The data.
^^^^^^^^^^^^^^^^

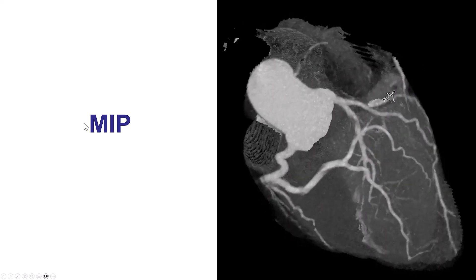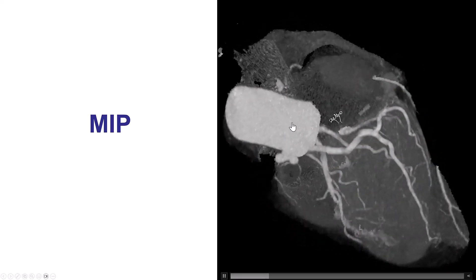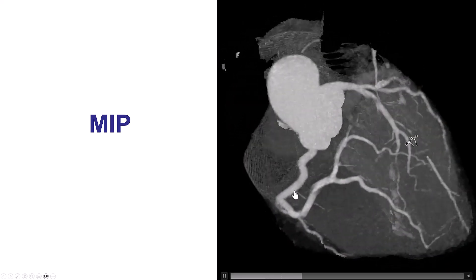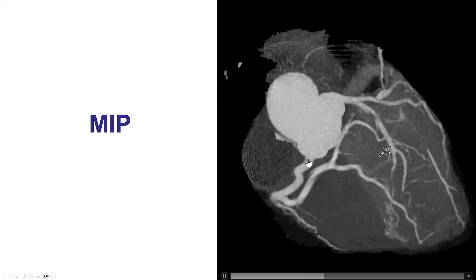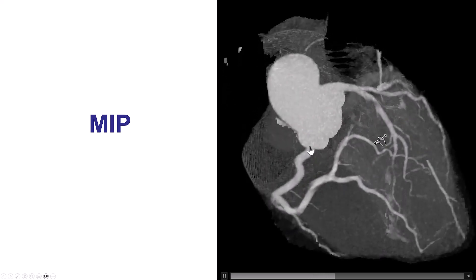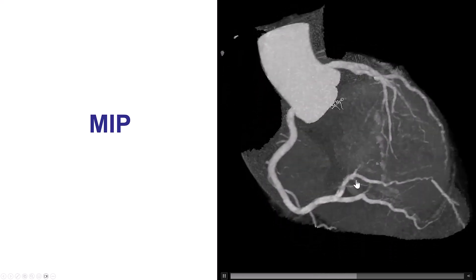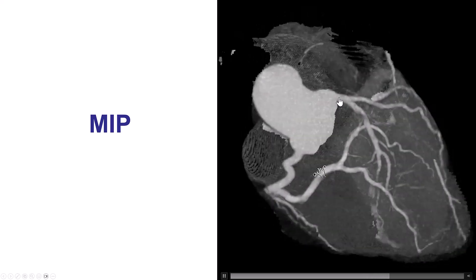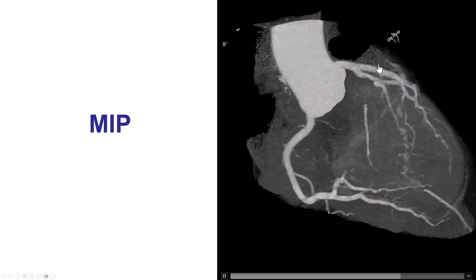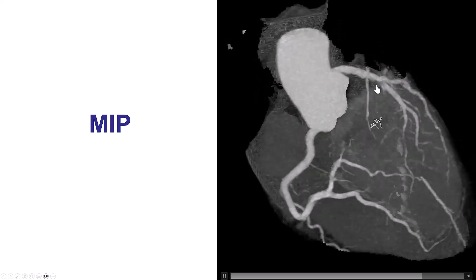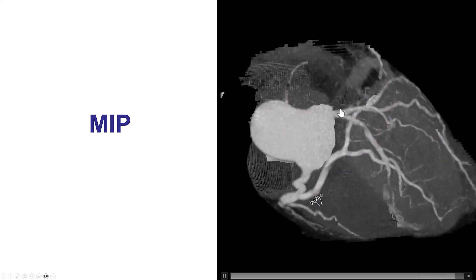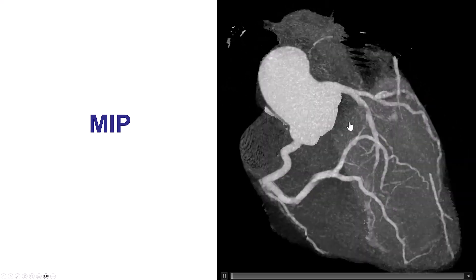These are the MIPS — the maximum intensity projections — essentially an easy, automated way to get a sense of the entire coronary tree. We do see the right coronary artery without any significant stenosis. However, we do see that the proximal LAD has an area that appears to have a filling defect. There is artifact in the circumflex, but no significant stenosis there as well.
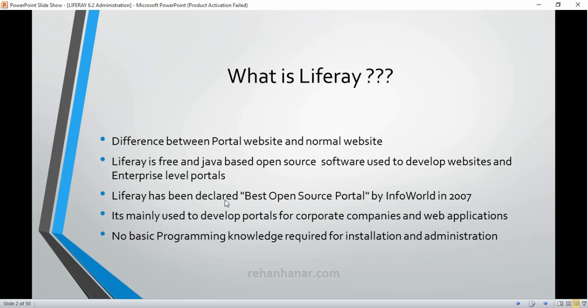Liferay is mainly used to develop portals for corporate companies and web applications — including secure web applications like banking applications. Also, you don't need basic programming language knowledge for the installation of Liferay. Unlike other CMS platforms, you can just extract the package, add the server, and go and create your own portal or website. So Liferay is very easy to install and administer. Hope you guys liked it — see you in the next tutorial, bye!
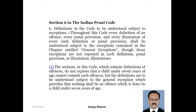Section 6 yeh kehta hai ki General Exceptions jo chapter hai, chapter 4 hai, uske jo provisions hain, woh is IPC ki pratyek definition, uske pratyek provision, har illustration uske saath applicable honge. Yadyapi unke saath specially alag se inko us section mein nahi likha gaya hai, uske bawajud bhi.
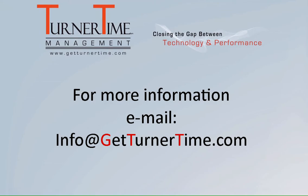If you have any questions please email info at getturnertime.com thanks for watching and have a productive day.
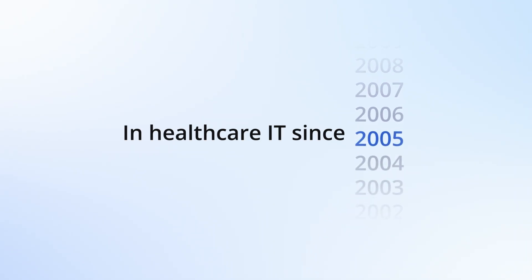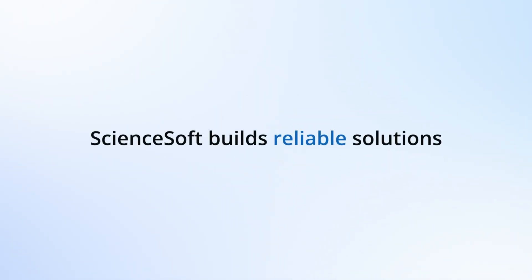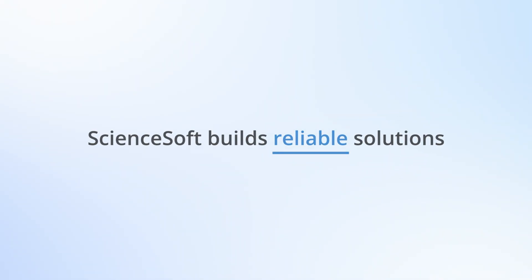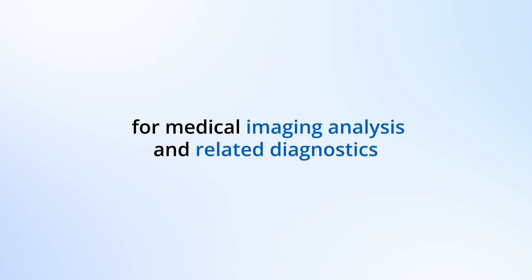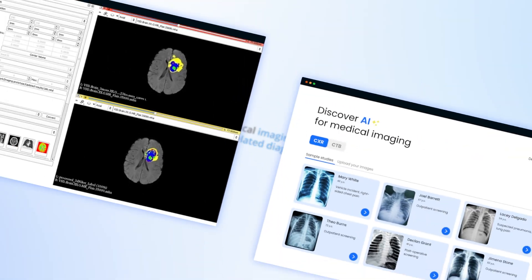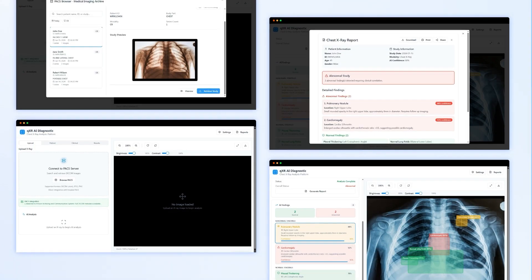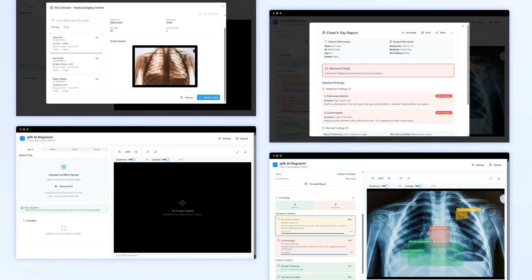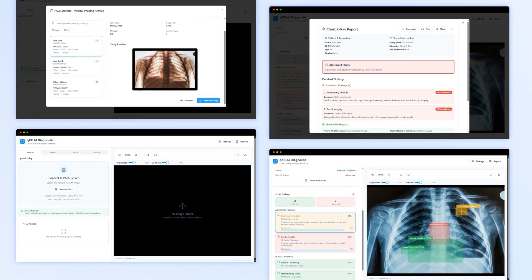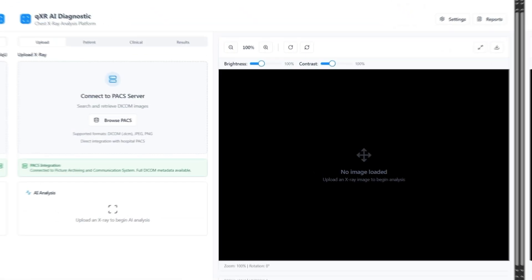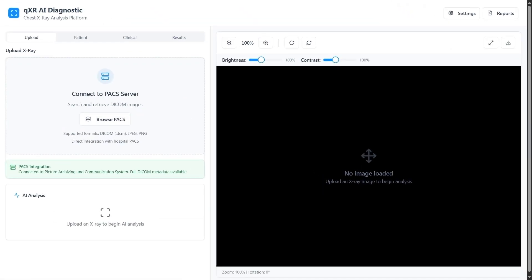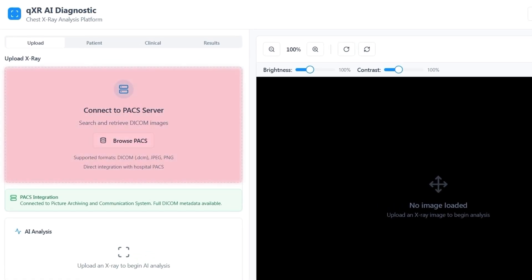In healthcare IT since 2005, ScienceSoft builds reliable solutions for medical image analysis and related diagnostics. Here is a demo walkthrough of an AI solution for advanced x-ray diagnostics. Let's see how it works.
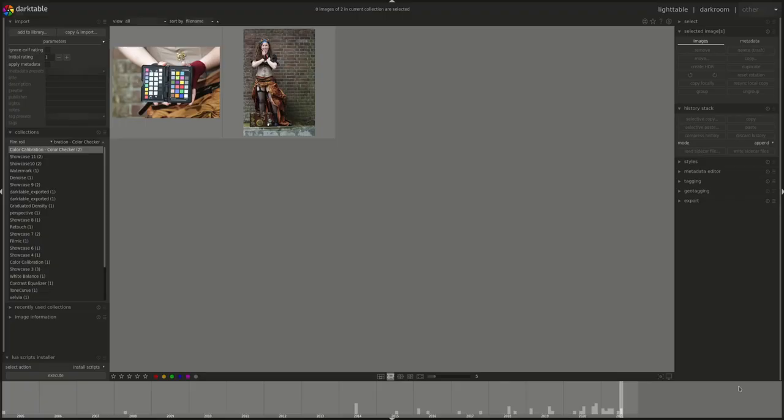Hello everyone and welcome to another edition of the Darktable from A to Z series. My name is Hal and in today's episode we're going to be discussing how to use a color checker in the color calibration module. If you've missed the previous videos in the series about the color calibration module or if you'd like a refresher, follow the link on the screen before continuing with this video.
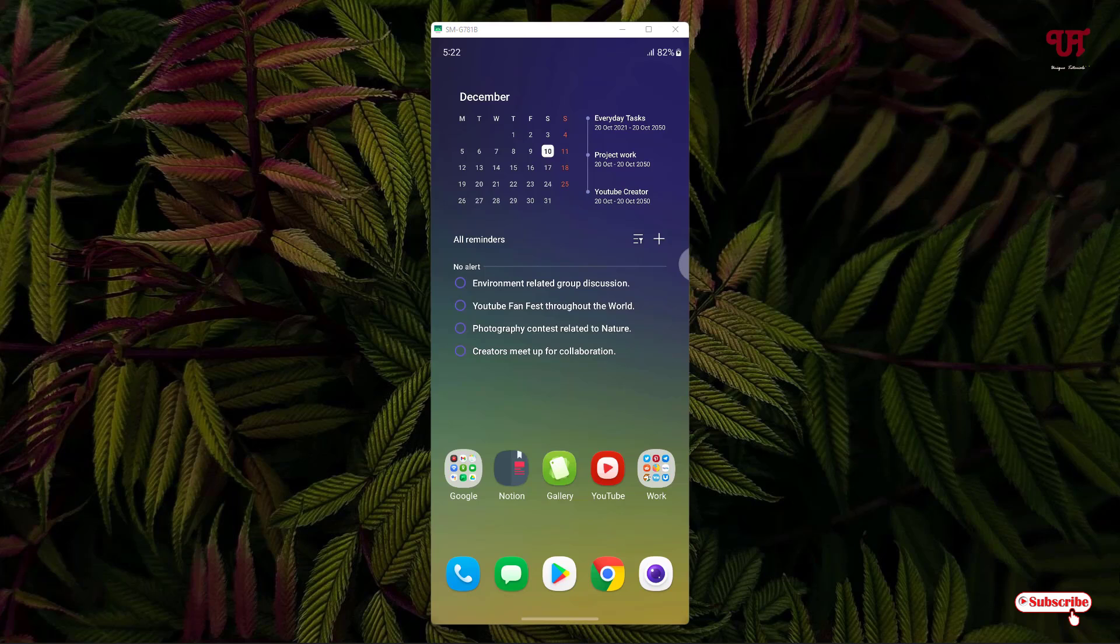Hello everyone, it's me Jeppy from Inuit Tutorials. Today in this video, I will show you how to change the app folder color in Samsung smartphones having One UI 4. So without any more delay, let's begin.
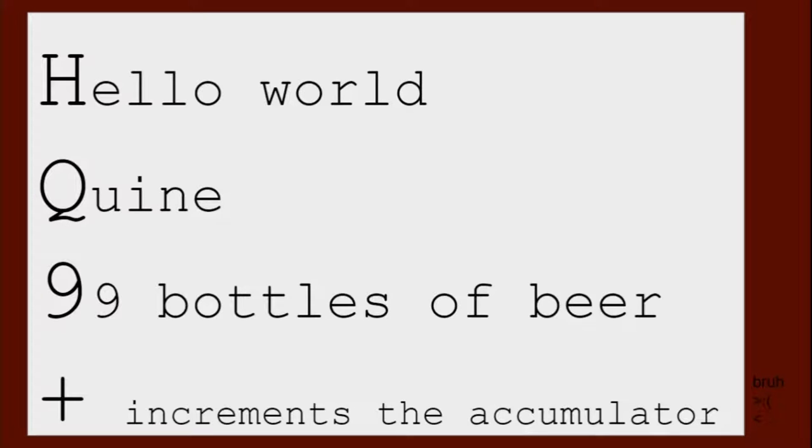So yeah, for filler, I'll be running all of these instructions. But before that, what's a quine?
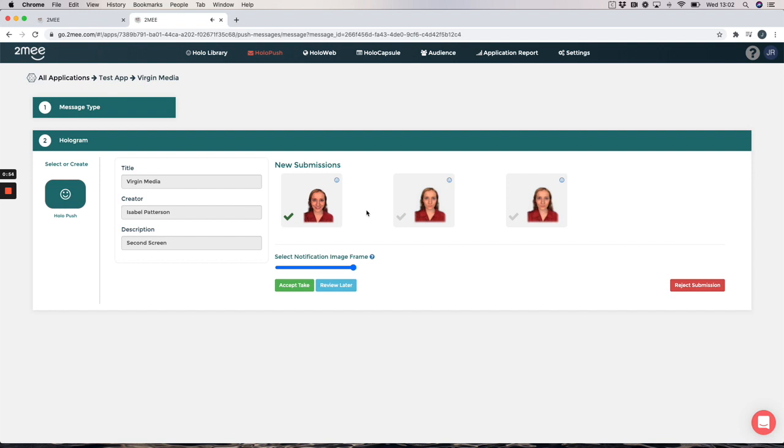So when you are happy with your recording you will simply click on this tick here and you will accept your take.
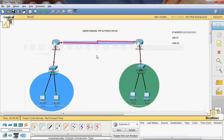In this video tutorial I will explain the concept of understanding point-to-point protocol authentication. Point-to-point protocol authentication is a Layer 2 protocol. It is a WAN protocol. By default in all Cisco routers the default WAN protocol is HDLC.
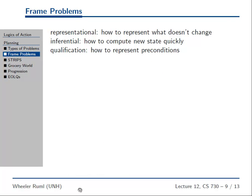Oh, frame problem, yuck. We've already talked about the qualification problem, which is how to set the preconditions for an action — like, I turn the key, is my car going to start? It's so annoying to represent the right preconditions for that. If you're a philosopher, you get really in a knot about these kinds of things.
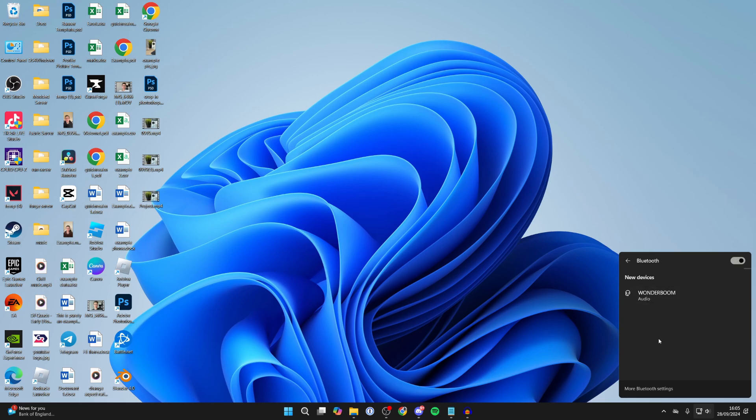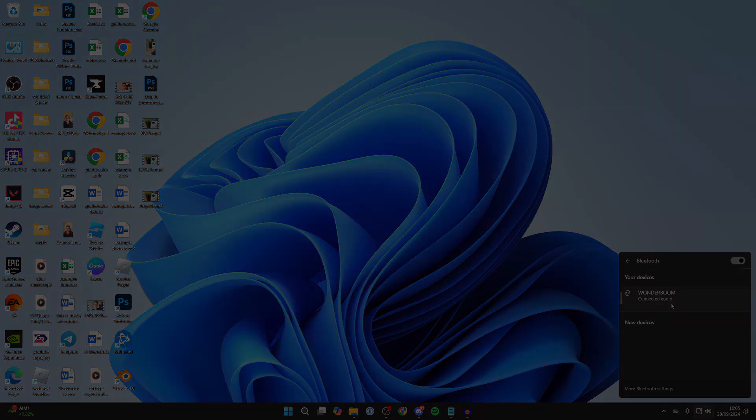It should then appear. Click on it and it should start connecting, as you can see. And like that, it's now connected, so I can start using it.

^^^^^^^^^^^^^^^^

What to produce. Copy out each line of the data exactly as it reads; skip the pictures.

Response area.
These are the MIPS — the maximum intensity projections — essentially an easy, automated way to get a sense of the entire coronary tree. We do see the right coronary artery without any significant stenosis. However, we do see that the proximal LAD has an area that appears to have a filling defect. There is artifact in the circumflex, but no significant stenosis there as well.
Liferay is mainly used to develop portals for corporate companies and web applications — including secure web applications like banking applications. Also, you don't need basic programming language knowledge for the installation of Liferay. Unlike other CMS platforms, you can just extract the package, add the server, and go and create your own portal or website. So Liferay is very easy to install and administer. Hope you guys liked it — see you in the next tutorial, bye!
Section 6 yeh kehta hai ki General Exceptions jo chapter hai, chapter 4 hai, uske jo provisions hain, woh is IPC ki pratyek definition, uske pratyek provision, har illustration uske saath applicable honge. Yadyapi unke saath specially alag se inko us section mein nahi likha gaya hai, uske bawajud bhi.
If you have any questions please email info at getturnertime.com thanks for watching and have a productive day.
In healthcare IT since 2005, ScienceSoft builds reliable solutions for medical image analysis and related diagnostics. Here is a demo walkthrough of an AI solution for advanced x-ray diagnostics. Let's see how it works.
Hello everyone and welcome to another edition of the Darktable from A to Z series. My name is Hal and in today's episode we're going to be discussing how to use a color checker in the color calibration module. If you've missed the previous videos in the series about the color calibration module or if you'd like a refresher, follow the link on the screen before continuing with this video.
Hello everyone, it's me Jeppy from Inuit Tutorials. Today in this video, I will show you how to change the app folder color in Samsung smartphones having One UI 4. So without any more delay, let's begin.
So yeah, for filler, I'll be running all of these instructions. But before that, what's a quine?
So when you are happy with your recording you will simply click on this tick here and you will accept your take.
In this video tutorial I will explain the concept of understanding point-to-point protocol authentication. Point-to-point protocol authentication is a Layer 2 protocol. It is a WAN protocol. By default in all Cisco routers the default WAN protocol is HDLC.
Oh, frame problem, yuck. We've already talked about the qualification problem, which is how to set the preconditions for an action — like, I turn the key, is my car going to start? It's so annoying to represent the right preconditions for that. If you're a philosopher, you get really in a knot about these kinds of things.
It should then appear. Click on it and it should start connecting, as you can see. And like that, it's now connected, so I can start using it.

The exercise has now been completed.